ABOUT THIS EXERCISE. In the records below, copy the line that contains "Stillleben mit Geige" and each line after it, word for word, through the last.

Recorded data
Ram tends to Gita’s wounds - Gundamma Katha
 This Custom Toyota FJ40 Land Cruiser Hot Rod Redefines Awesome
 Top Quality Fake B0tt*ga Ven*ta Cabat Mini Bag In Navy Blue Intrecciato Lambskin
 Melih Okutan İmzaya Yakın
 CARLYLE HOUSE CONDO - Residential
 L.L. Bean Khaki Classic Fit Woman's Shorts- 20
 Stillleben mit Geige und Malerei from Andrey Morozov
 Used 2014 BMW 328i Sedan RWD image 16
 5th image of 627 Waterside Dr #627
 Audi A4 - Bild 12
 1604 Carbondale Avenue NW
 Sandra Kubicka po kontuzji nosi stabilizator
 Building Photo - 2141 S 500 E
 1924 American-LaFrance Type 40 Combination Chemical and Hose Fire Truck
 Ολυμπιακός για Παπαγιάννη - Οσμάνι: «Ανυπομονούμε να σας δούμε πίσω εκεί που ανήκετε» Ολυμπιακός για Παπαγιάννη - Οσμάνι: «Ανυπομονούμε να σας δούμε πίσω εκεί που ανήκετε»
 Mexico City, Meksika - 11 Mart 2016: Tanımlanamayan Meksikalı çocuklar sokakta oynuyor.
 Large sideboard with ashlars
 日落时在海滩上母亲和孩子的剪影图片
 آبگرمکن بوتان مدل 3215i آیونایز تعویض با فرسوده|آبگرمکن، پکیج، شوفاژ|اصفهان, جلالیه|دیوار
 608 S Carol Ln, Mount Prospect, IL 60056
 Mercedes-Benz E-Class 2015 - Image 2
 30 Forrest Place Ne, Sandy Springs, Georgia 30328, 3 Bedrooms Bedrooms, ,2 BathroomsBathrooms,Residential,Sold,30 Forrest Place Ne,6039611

SOLVED EXERCISE.
 Stillleben mit Geige und Malerei from Andrey Morozov
 Used 2014 BMW 328i Sedan RWD image 16
 5th image of 627 Waterside Dr #627
 Audi A4 - Bild 12
 1604 Carbondale Avenue NW
 Sandra Kubicka po kontuzji nosi stabilizator
 Building Photo - 2141 S 500 E
 1924 American-LaFrance Type 40 Combination Chemical and Hose Fire Truck
 Ολυμπιακός για Παπαγιάννη - Οσμάνι: «Ανυπομονούμε να σας δούμε πίσω εκεί που ανήκετε» Ολυμπιακός για Παπαγιάννη - Οσμάνι: «Ανυπομονούμε να σας δούμε πίσω εκεί που ανήκετε»
 Mexico City, Meksika - 11 Mart 2016: Tanımlanamayan Meksikalı çocuklar sokakta oynuyor.
 Large sideboard with ashlars
 日落时在海滩上母亲和孩子的剪影图片
 آبگرمکن بوتان مدل 3215i آیونایز تعویض با فرسوده|آبگرمکن، پکیج، شوفاژ|اصفهان, جلالیه|دیوار
 608 S Carol Ln, Mount Prospect, IL 60056
 Mercedes-Benz E-Class 2015 - Image 2
 30 Forrest Place Ne, Sandy Springs, Georgia 30328, 3 Bedrooms Bedrooms, ,2 BathroomsBathrooms,Residential,Sold,30 Forrest Place Ne,6039611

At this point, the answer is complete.